EXERCISE DATA Start Marker
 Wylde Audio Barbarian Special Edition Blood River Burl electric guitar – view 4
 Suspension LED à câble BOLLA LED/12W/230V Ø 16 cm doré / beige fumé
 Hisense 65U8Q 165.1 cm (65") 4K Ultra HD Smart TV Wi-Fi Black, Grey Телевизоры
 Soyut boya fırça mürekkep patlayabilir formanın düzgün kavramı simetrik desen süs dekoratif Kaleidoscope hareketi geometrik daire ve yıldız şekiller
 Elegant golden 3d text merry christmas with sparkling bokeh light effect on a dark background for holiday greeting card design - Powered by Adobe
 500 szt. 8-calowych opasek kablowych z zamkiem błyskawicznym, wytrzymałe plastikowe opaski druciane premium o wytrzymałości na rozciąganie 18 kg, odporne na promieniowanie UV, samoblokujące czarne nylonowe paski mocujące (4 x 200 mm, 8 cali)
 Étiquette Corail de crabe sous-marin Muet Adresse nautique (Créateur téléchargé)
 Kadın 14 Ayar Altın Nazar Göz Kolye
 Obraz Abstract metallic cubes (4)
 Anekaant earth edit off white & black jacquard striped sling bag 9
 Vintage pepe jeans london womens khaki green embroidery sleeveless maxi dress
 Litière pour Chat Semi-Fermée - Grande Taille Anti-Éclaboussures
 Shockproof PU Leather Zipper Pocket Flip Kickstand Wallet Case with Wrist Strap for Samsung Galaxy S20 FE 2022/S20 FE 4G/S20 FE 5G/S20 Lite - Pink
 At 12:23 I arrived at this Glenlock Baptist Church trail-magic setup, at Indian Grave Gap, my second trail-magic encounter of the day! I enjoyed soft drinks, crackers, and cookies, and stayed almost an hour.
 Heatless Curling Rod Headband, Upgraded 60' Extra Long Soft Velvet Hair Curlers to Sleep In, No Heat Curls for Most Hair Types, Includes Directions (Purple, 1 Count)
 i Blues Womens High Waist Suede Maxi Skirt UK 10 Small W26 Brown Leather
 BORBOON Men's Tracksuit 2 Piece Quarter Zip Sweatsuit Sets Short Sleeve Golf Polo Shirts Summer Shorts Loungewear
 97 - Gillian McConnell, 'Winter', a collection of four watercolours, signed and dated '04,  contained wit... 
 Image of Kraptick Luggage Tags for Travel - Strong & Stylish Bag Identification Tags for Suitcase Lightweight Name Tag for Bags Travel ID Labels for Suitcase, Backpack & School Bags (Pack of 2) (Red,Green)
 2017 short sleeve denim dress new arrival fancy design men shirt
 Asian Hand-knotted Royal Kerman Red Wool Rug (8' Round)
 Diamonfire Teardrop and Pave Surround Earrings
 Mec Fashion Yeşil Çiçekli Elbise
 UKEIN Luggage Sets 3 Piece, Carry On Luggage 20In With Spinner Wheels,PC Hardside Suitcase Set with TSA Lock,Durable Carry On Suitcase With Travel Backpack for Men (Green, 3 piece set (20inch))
EXERCISE DATA End Marker
## YOUR OBJECTIVE
Every line of the listing that holds "Piece" is to be counted; give only the resulting number.

## RESULT FOR THIS TASK
2